Pour déterminer si ces différentes conditions sont remplies, les juges ont recours à la technique du faisceau d’indices.

En l’espèce :

- Afin de vérifier si le virement émanait du titulaire du compte, les juridictions ont observé que les ordres de virement litigieux émanaient de la société, étaient signés et accompagnés des éléments d'identification des comptes bancaires sur lesquels les fonds devaient être virés.

- Afin de vérifier si le virement présentait une anomalie apparente, formelle ou intellectuelle, et que l’opération ne présentait pas un caractère inhabituel ou irrégulier dans les pratiques commerciales de son client, les juridictions ont observé que les instructions  données s'inscrivaient dans la logique des relations d'affaires entretenues avec des fournisseurs basés en Asie, que les montants des virements « n’étaient en rien exceptionnels », que la société à l’initiative du virement était en possession des factures à régler et qu'elle n'ignorait pas la dénomination sociale de ses fournisseurs.

Par conséquent, la Cour ne fait pas droit aux arguments du défendeur pour justifier un défaut dans le devoir de la banque à son devoir de vigilance, parmi lesquels :

  • La connaissance de la banque des pratiques de la société défenderesse (paiement par acompte, puis solde du prix d’achat),
  • Le changement de coordonnées bancaires des trois fournisseurs, quand bien même ces comptes seraient mentionnés comme « offshore »,

Cet arrêt permet une transposition de la solution en droit nouveau en se fondant non plus sur l’article 1147 ancien du Code civil, mais sur le nouvel article 1231-1 du Code civil.
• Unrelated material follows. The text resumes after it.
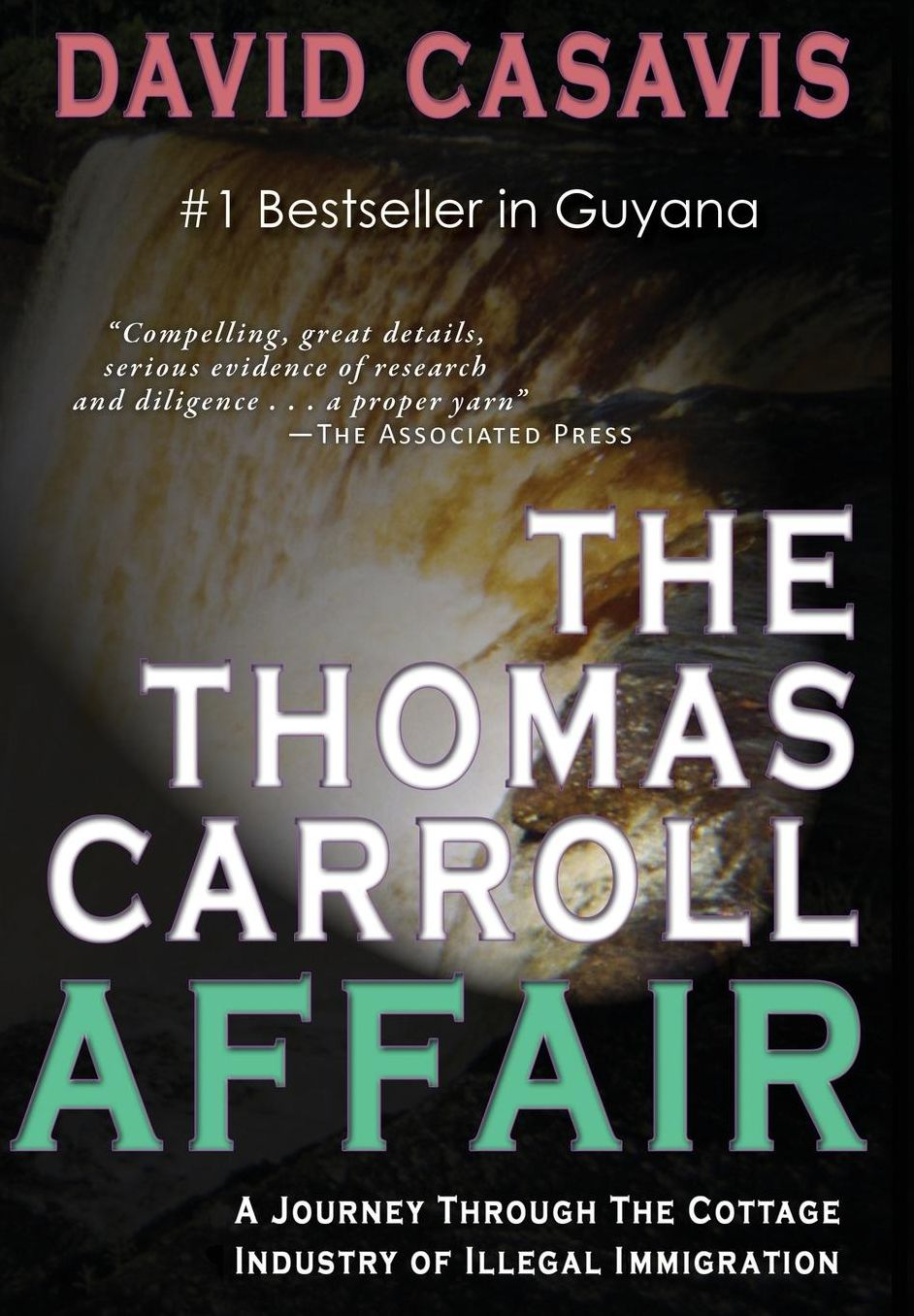 The Thomas Carroll Affair: A Journey Through the Cottage Industry of Illlegal Immigration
Cet arrêt confirme une jurisprudence établie concernant les obligations de vigilance des établissements bancaires, invitant les juridictions du fond à opérer une recherche approfondie pour caractériser l’anomalie apparente d’un ordre de virement.

Dès lors, l’arrêt ici commenté n’opère pas de modification substantielle s’agissant de la responsabilité des établissements bancaires concernant les ordres de virements, obligeant ces établissements à mettre en œuvre un juste équilibre entre devoir de vigilance et devoir de non-ingérence.